Karamea offers a variety of short walks, catering for different age groups and varying levels of fitness. There will be something to suit you.
Birdwatchers Estuaries We have several estuaries in and around Karamea. They are well worth a visit. Bird life is plentiful, with pied stilts, black swans, oyster catchers, blue herons, and occasionally a white heron. You can walk for miles, and follow small tidal inlets, but watch the tide.
Flagstaff (1 hour plus) Via the road to the aerodrome. Turn left at the junction to go down to the beach, known locally as the Flagstaff. Prior to the 1929 Murchison Earthquake, which caused the harbour to silt up, Karamea had a busy port. 60 minutes plus for a workout round the sandspit which frequently changes.! Sea and rivermouth access. Fishing in season.
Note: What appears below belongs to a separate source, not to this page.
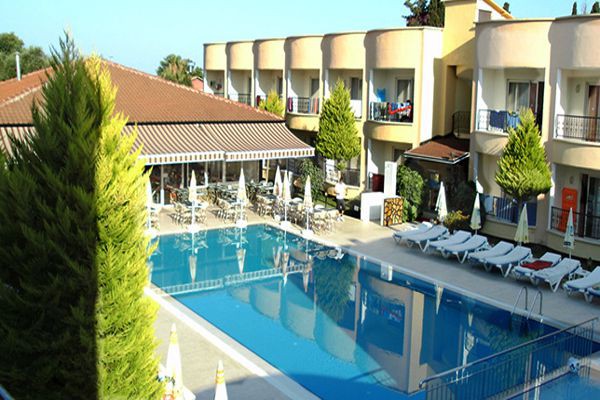 Sayanora Hotel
Karamea Riverbank and Estuary Walk (45 minutes plus) An enjoyable evening stroll, beginning behind the Domain, or via the river access at the end of Wharf Road. Follow along the river down to the mouth. Tide permitting, you can check out the birdlife and return through the estuary walkway, linking up with the end of Ray Street.
Big Rimu Tree (45 minutes return) This track is a short walk through lush native bush to a large rimu tree. The track starts 7 kilometres up the Umere Road.
Lake Hanlon (20 minutes one way) 20 kilometres south of Karamea a signpost on the Highway indicates the short walk to this tranquil and picturesque lake.
South Terrace Zig Zag Track (60 minutes return) This track was originally used by the early settlers, and starts approx 2.5km up the Arapito side of the Karamea River. It takes you up onto the South Terrace. Lookouts give great views north of Karamea, and of the river flats and farm land. If you continue along the old roadline, you will find the old cemetery that was used by the first European settlers on the South Terrace. Carry on walking past the old cemetery, and you will come to the end of the road which gives access from the South Terrace. Mountain biking is not permitted on this Heritage track.